● EXERCISE GOAL
Apart from the pictures, write out the records that follow exactly.
━━━━━━━━
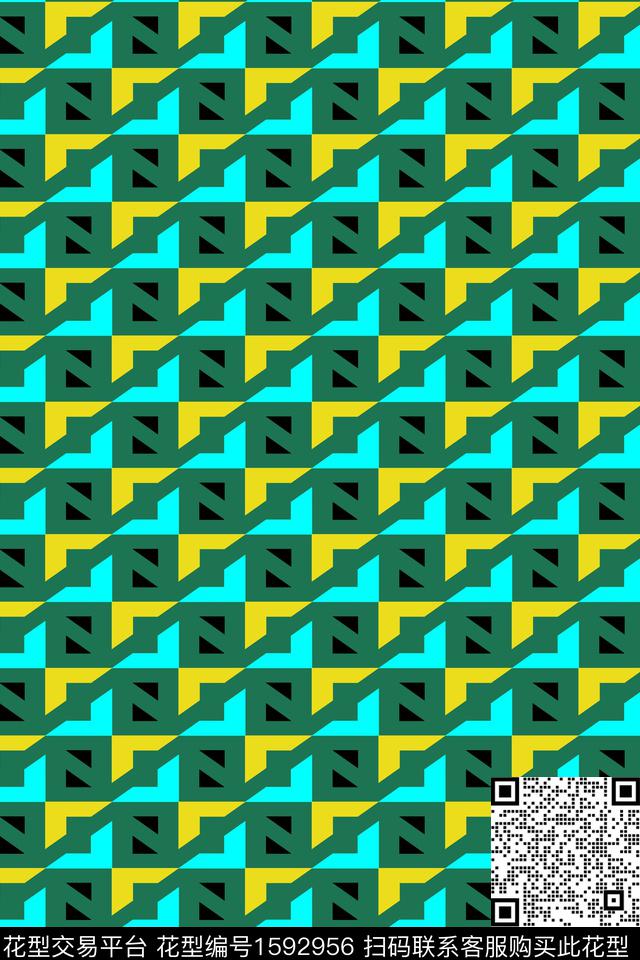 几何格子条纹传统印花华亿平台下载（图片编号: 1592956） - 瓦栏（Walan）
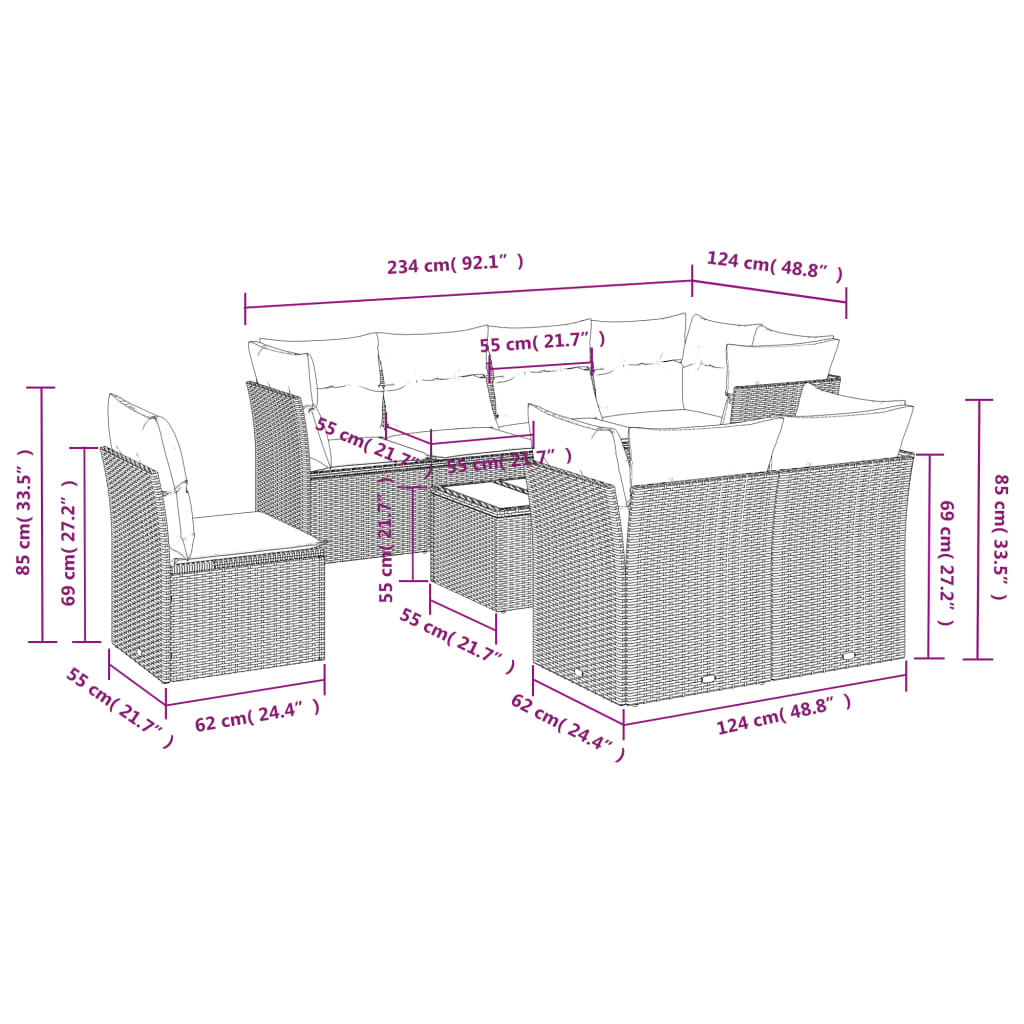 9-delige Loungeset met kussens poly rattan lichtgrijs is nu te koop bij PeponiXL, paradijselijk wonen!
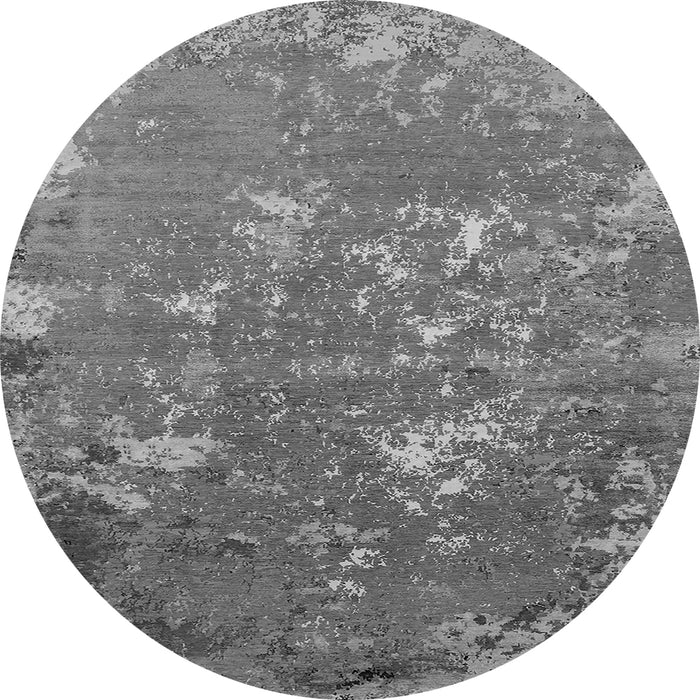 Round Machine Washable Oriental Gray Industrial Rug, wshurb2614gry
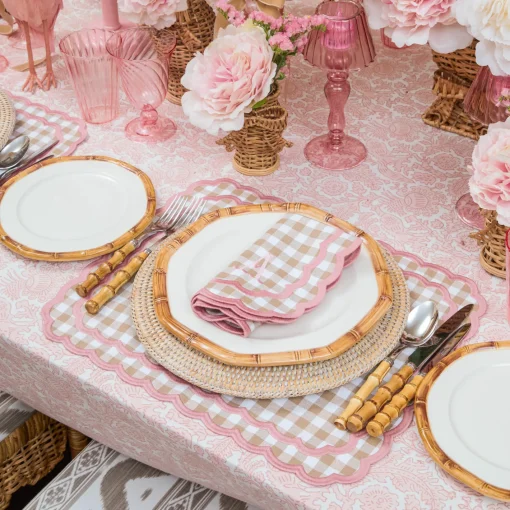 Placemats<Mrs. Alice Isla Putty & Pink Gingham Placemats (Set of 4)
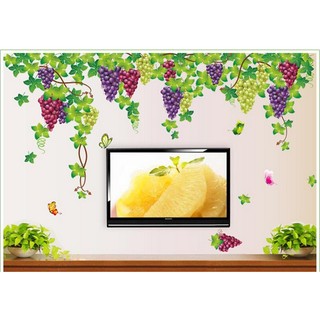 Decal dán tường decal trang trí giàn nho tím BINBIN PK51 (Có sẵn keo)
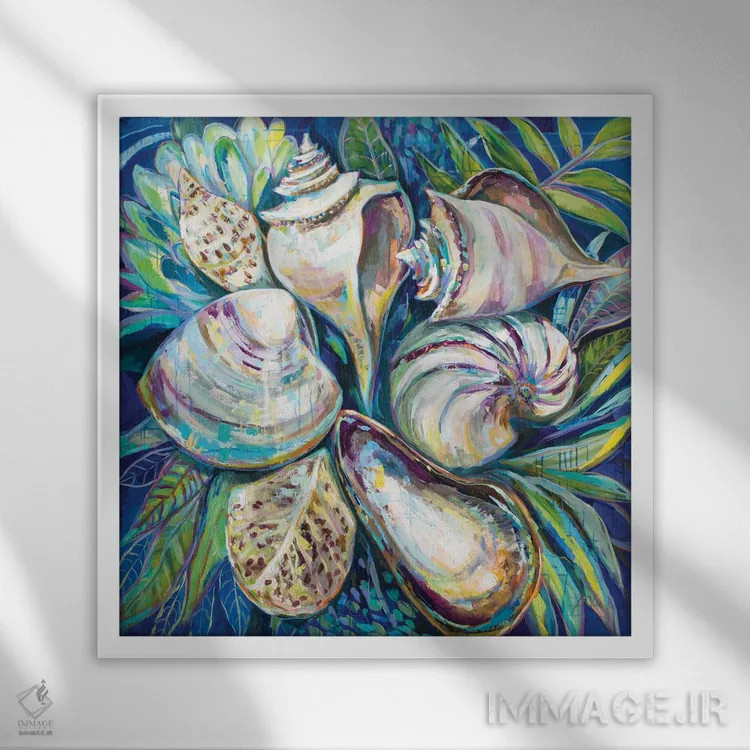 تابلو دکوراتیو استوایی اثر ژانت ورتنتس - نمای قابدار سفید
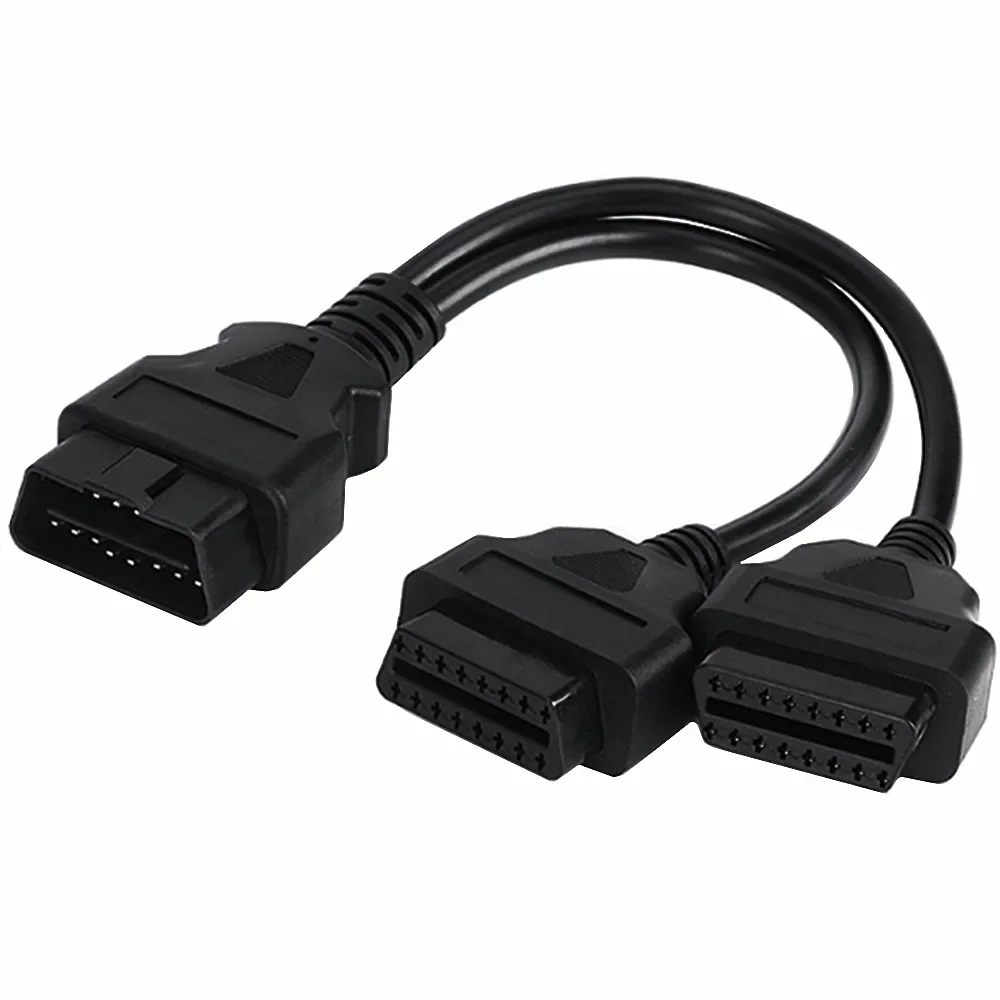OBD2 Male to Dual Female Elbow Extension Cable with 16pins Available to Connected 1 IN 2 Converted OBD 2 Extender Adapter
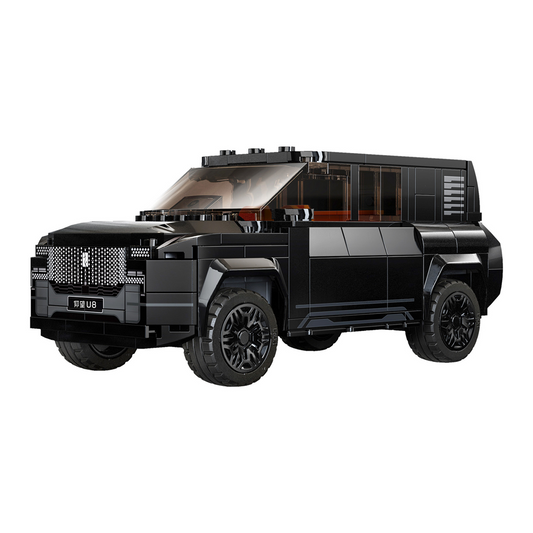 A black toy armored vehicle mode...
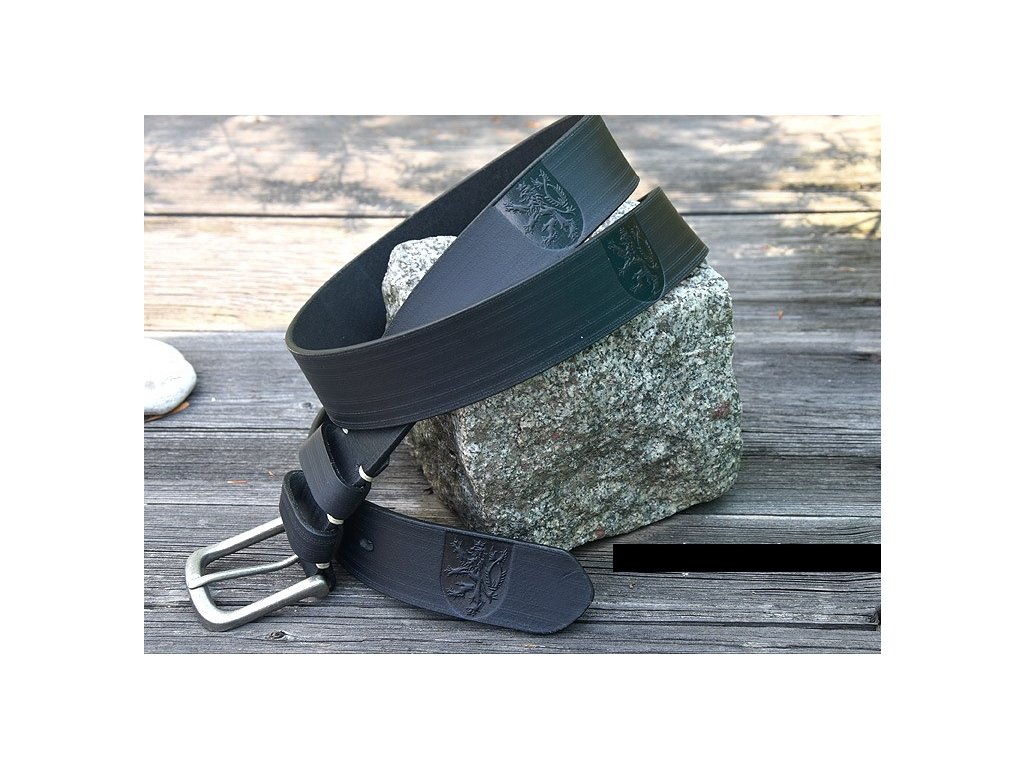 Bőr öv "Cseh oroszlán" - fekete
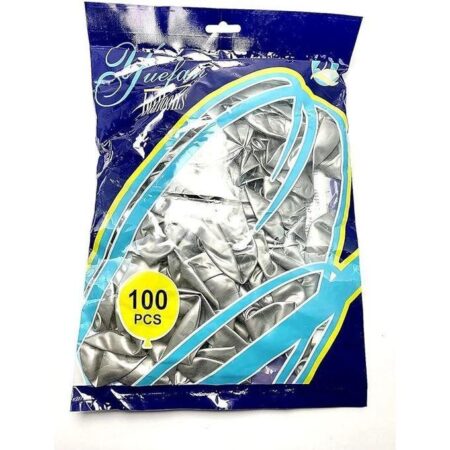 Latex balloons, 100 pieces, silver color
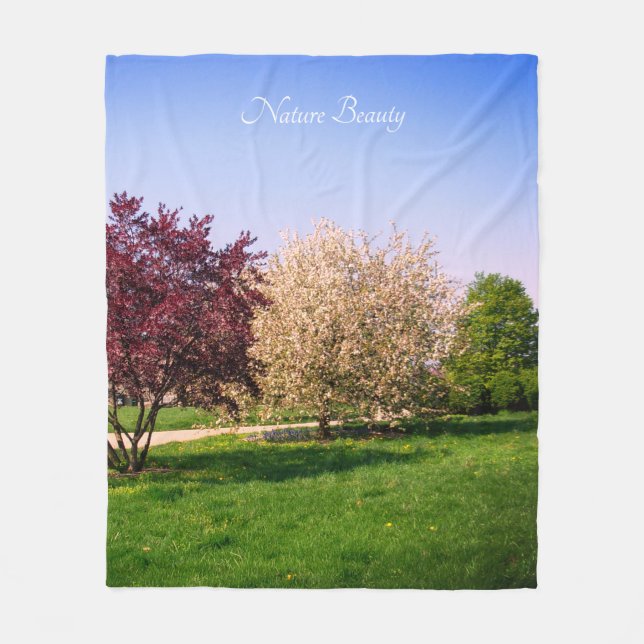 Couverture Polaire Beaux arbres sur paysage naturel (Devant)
━━━━━━━━
● RESPONSE TO THE EXERCISE
 几何格子条纹传统印花华亿平台下载（图片编号: 1592956） - 瓦栏（Walan）
 9-delige Loungeset met kussens poly rattan lichtgrijs is nu te koop bij PeponiXL, paradijselijk wonen!
 Round Machine Washable Oriental Gray Industrial Rug, wshurb2614gry
 Placemats<Mrs. Alice Isla Putty & Pink Gingham Placemats (Set of 4)
 Decal dán tường decal trang trí giàn nho tím BINBIN PK51 (Có sẵn keo)
 تابلو دکوراتیو استوایی اثر ژانت ورتنتس - نمای قابدار سفید
OBD2 Male to Dual Female Elbow Extension Cable with 16pins Available to Connected 1 IN 2 Converted OBD 2 Extender Adapter
 A black toy armored vehicle mode...
 Bőr öv "Cseh oroszlán" - fekete
 Latex balloons, 100 pieces, silver color
 Couverture Polaire Beaux arbres sur paysage naturel (Devant)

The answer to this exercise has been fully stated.